* [YOUR ASSIGNMENT]
The result should be the listing below restated word for word, with images left out.

* [RECORDS]
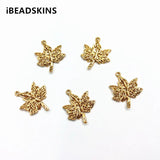 Copper Leaves Shape Charm/Pendant for Earrings DIY 50pcs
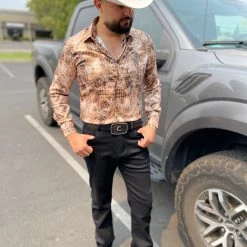 Guadalajara Western Wear Platini Men's Digital Print Shirt - FPL7887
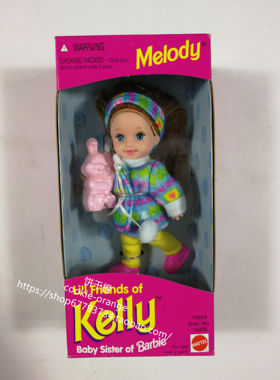 发 Barbie Li l Friends of Kelly Melody 14854 1995 凯莉美乐蒂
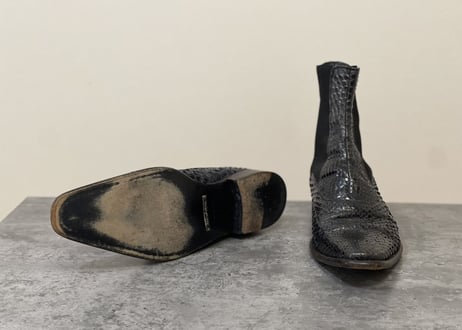 dolce&gabbana python leather boots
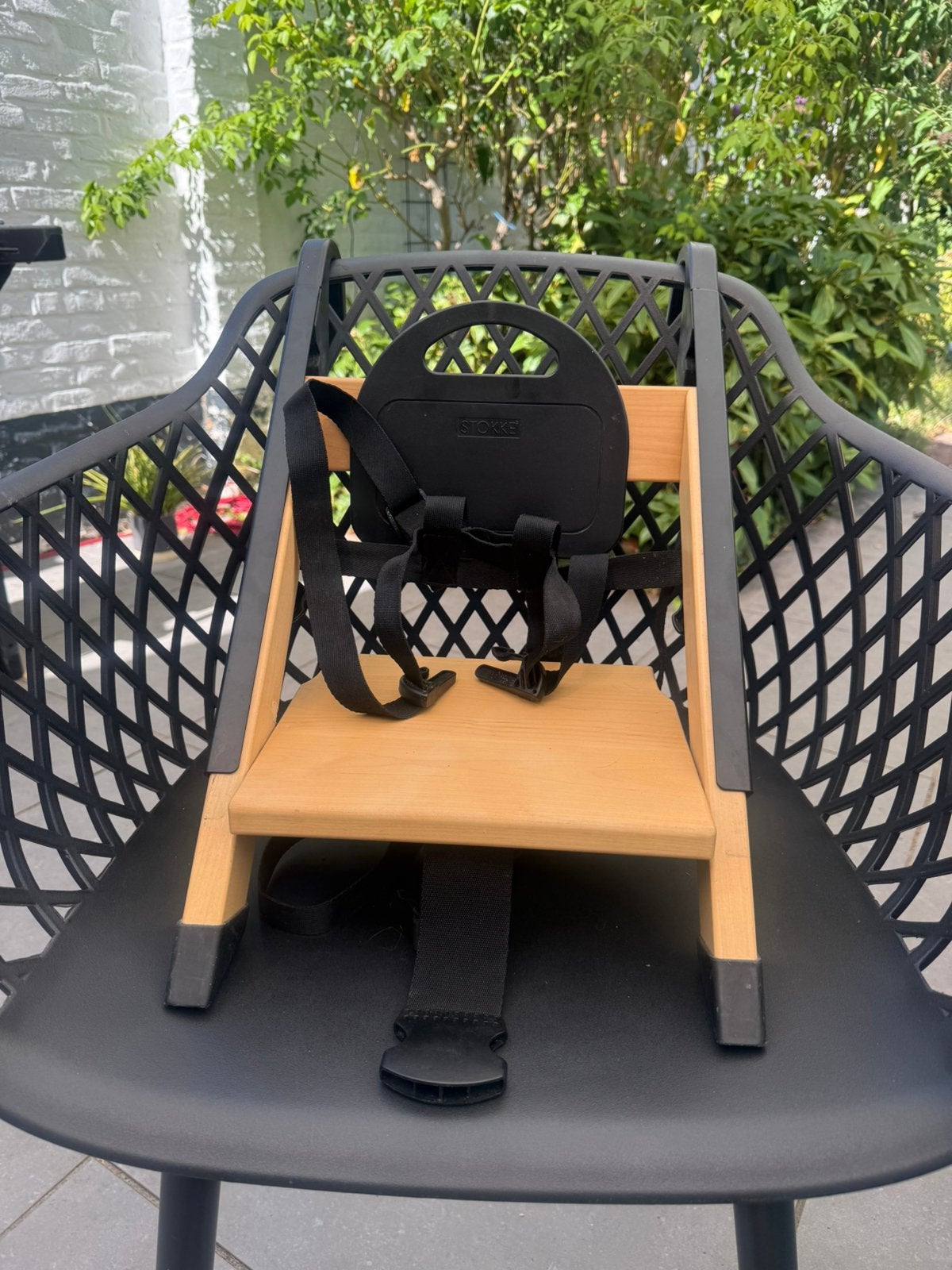 Stokke Handysitt draagbare kinderstoel, Ophalen, Gebruikt, Overige typen, Gordel(s)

* [OUTPUT FOR THIS EXERCISE]
 Copper Leaves Shape Charm/Pendant for Earrings DIY 50pcs
 Guadalajara Western Wear Platini Men's Digital Print Shirt - FPL7887
 发 Barbie Li l Friends of Kelly Melody 14854 1995 凯莉美乐蒂
 dolce&gabbana python leather boots
 Stokke Handysitt draagbare kinderstoel, Ophalen, Gebruikt, Overige typen, Gordel(s)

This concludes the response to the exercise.